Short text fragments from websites
+++
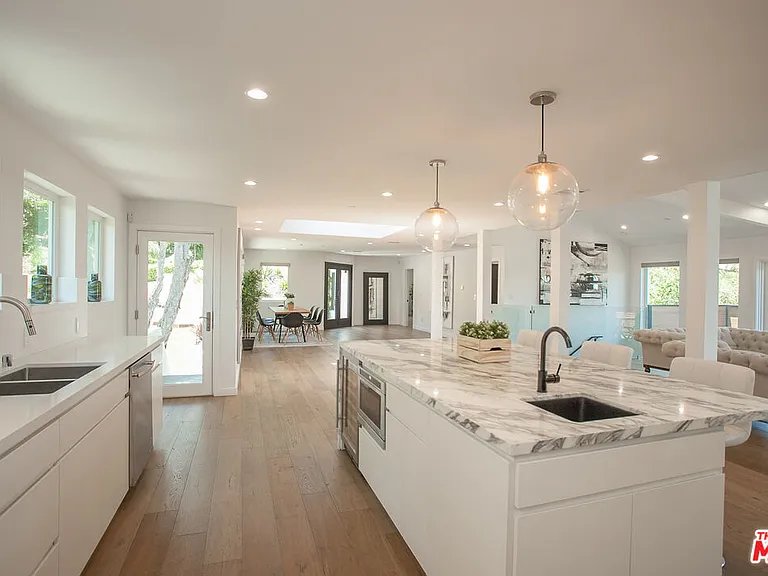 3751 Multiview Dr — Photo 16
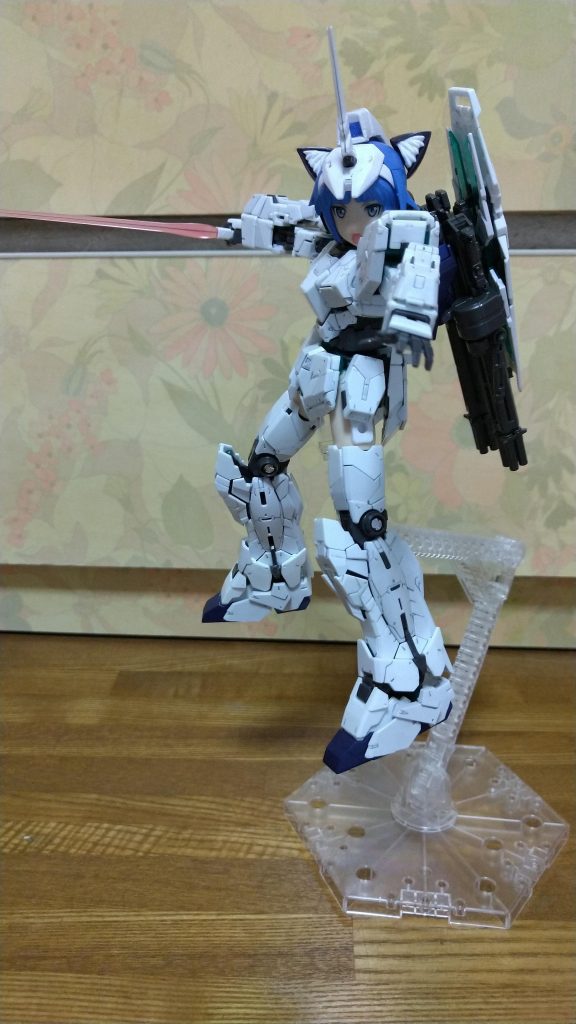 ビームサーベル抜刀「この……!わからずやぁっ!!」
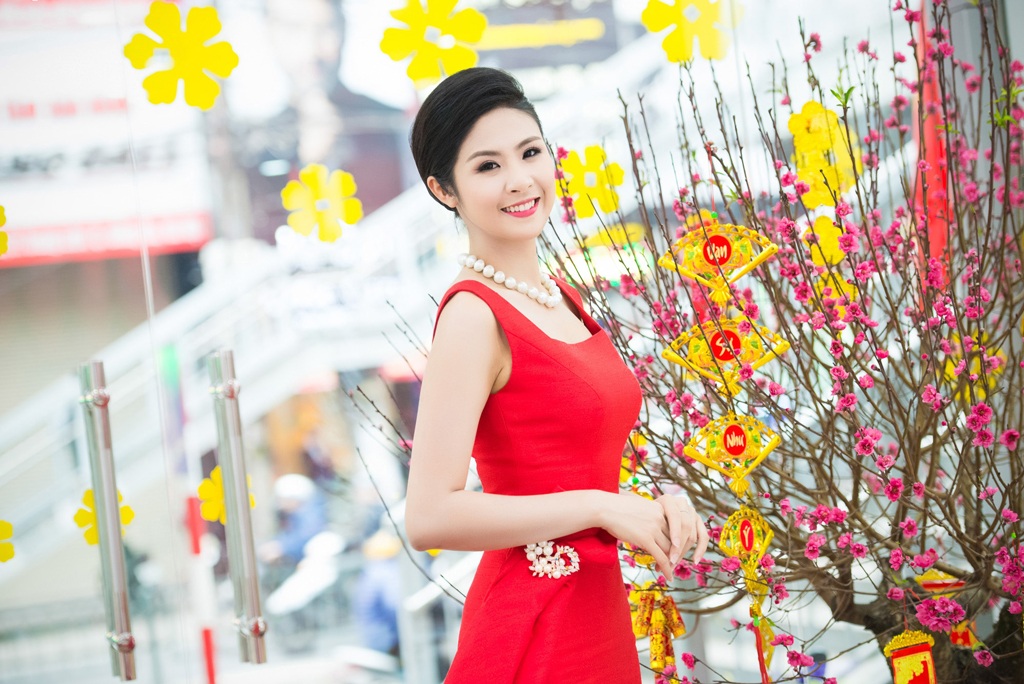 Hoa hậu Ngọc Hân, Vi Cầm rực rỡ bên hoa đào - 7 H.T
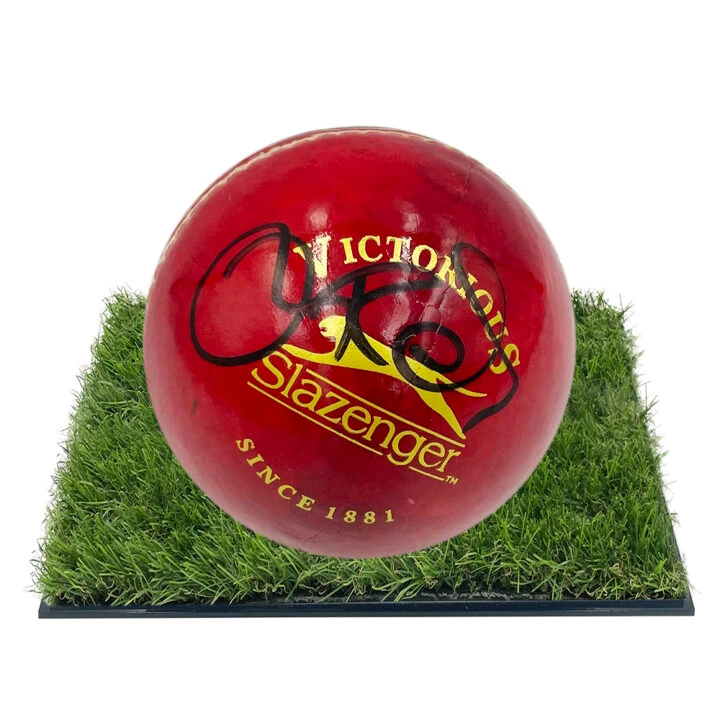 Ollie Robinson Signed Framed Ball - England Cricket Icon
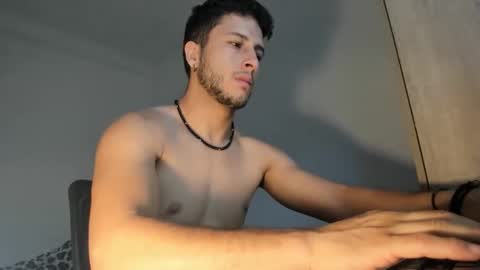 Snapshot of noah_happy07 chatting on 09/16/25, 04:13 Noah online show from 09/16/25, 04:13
+++
* _ABOUT THIS EXERCISE_:
Quote the entries above word for word. Leave the images out.

* _SOLUTION TO THIS EXERCISE_:
 3751 Multiview Dr — Photo 16
 ビームサーベル抜刀「この……!わからずやぁっ!!」
 Hoa hậu Ngọc Hân, Vi Cầm rực rỡ bên hoa đào - 7 H.T
 Ollie Robinson Signed Framed Ball - England Cricket Icon
 Snapshot of noah_happy07 chatting on 09/16/25, 04:13 Noah online show from 09/16/25, 04:13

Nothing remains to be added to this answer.